Local Crime, News, Police/Fire

Lynnfield’s Varsity Blues dad asks for prison delay

This article was published 1 year(s) and 2 month(s) ago.

John Wilson and his wife, Leslie, arrive at federal court Thursday, Oct. 7, 2021, in Boston. (AP)

LYNNFIELD — John B. Wilson, one of the parents involved in the Varsity Blues college-admissions scandal, has asked to delay his 15-month prison sentence until his appeal is heard. 

Wilson stands accused of paying $1 million to get his two daughters into Harvard and Stanford, respectively, as well as paying $220,000 for his son to be admitted as a recruit for water polo at the University of Southern California. Wilson is also accused of wire fraud and filing a false tax return.
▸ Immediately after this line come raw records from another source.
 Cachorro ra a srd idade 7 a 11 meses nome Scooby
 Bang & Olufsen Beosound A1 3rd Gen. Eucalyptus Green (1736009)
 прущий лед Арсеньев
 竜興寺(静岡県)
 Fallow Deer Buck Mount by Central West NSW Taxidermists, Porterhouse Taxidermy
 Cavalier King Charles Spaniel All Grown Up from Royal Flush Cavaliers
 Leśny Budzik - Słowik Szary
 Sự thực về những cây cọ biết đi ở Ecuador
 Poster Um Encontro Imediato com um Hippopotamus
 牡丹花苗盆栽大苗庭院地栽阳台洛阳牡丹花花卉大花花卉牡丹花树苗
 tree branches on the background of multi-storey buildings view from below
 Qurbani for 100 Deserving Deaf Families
In a motion filed in federal court last week, attorneys for Wilson, 62, made multiple arguments regarding the appeal. 

“Mr. Wilson’s appeal presents a host of complex, unresolved questions that could well lead to acquittal, a new trial, or partial reversal resulting in a materially shorter sentence,” said Wilson’s defense team, which is pushing for the defendant to remain free on bail until the appeal is decided.

Wilson has received the longest sentence out of the 60 others charged, as prosecutors used FBI wiretaps to show that the Lynnfield resident was involved in the scheme. 
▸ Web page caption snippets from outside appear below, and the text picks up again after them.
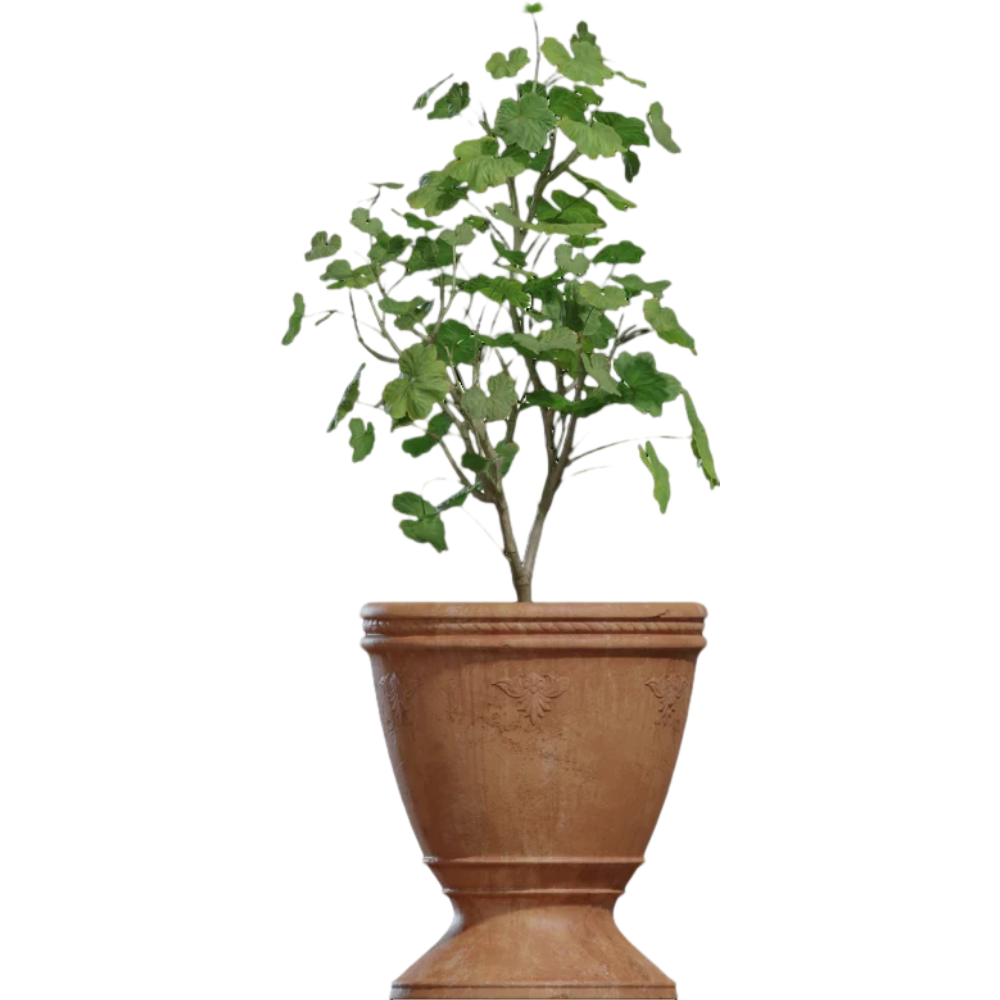 Potted plant sketch decorative plant 3D model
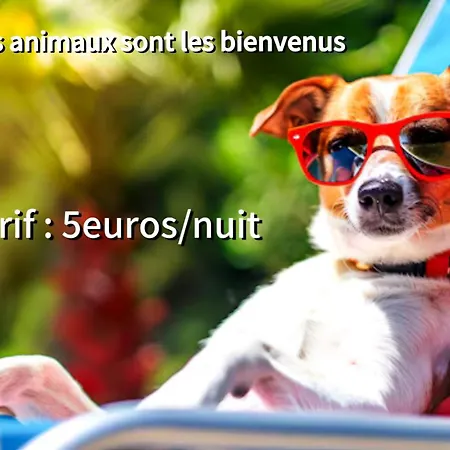 公寓 Bas De 70m2 Independant Avec Espace Jacuzzi Prive *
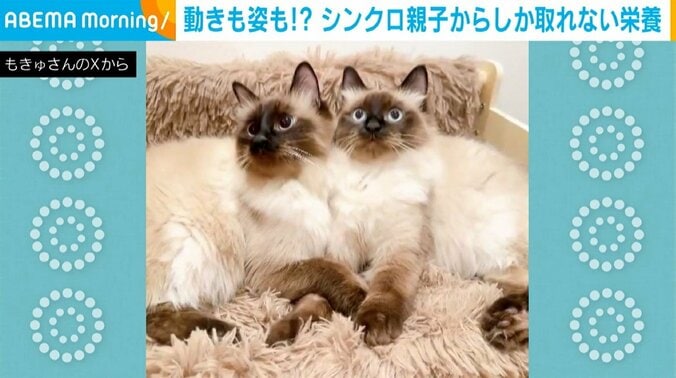 ルルちゃん（1歳9カ月）とリリちゃん（生後11カ月）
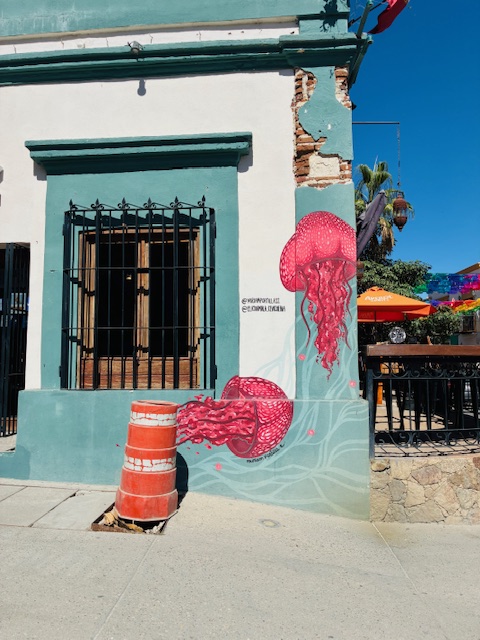 Zwei rote Quallen als Wandmalerei an einer türkisfarbenen Hauswand vor dunkelblauem Himmel
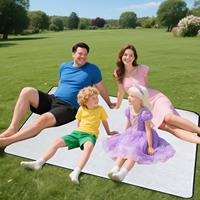 200x200cm Foil Moisture Proof Mat Picnic Blanket Beach Blankets Large Tent Mat Waterproof Camping Carp For Outdoor Activities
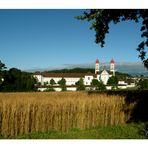 Das Zisterzienserkloster St. Urban, umgeben von der Natur und Landwirtschaft.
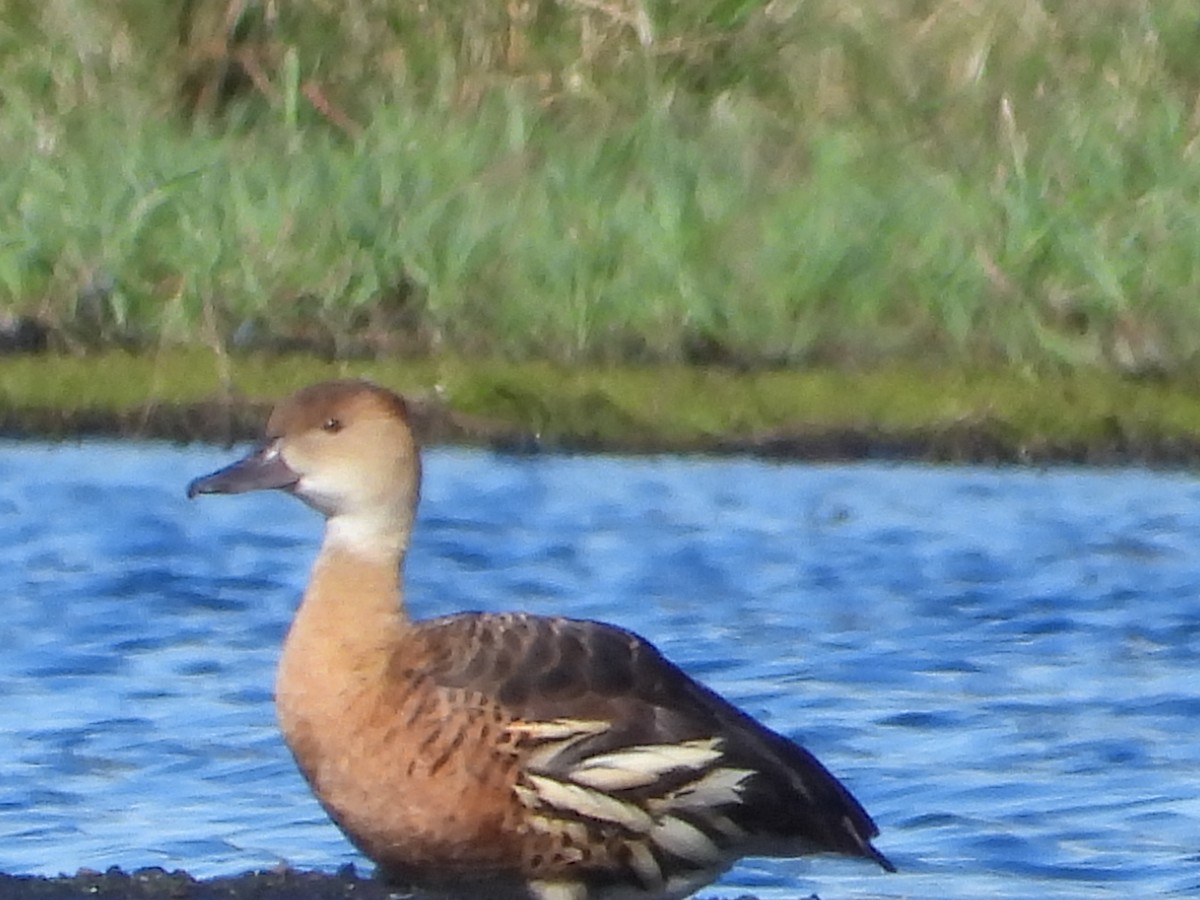 whistling-duck sp. - Elijah Bartlett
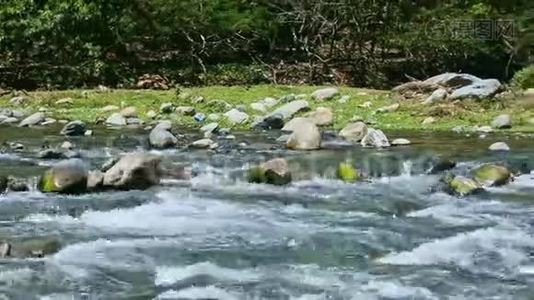 特写全景，就在宽山河溪，有大石头急流视频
Some of the FBI wiretaps show Wilson asking Rick Singer, the admissions consultant running the scheme, if there was a two-for-one special for his twins. Wilson also asked Singer which sports would be best for his daughters, with Singer replying he would “make them a sailor or something.” 

Wilson was sentenced to 21 months in prison, ordered to pay $288,546 in fines and restitution, sentenced to serve 400 hours of community service and was given two years of supervised release. 

Defense attorneys argued that Wilson was not involved in the scandal because he had no contact with other parents in Singer’s network. They also argued that the trial judge didn’t include any evidence that was favorable to Wilson.

“The government maintains that Mr. Wilson committed ‘bribery,’ under the honest-services statute by seeking to donate to college athletic programs in purported exchange for his children’s admission,” the motion said. “Yet there is no precedent for treating as a ‘bribe’ a payment to the institution that is the purported victim of the offense.”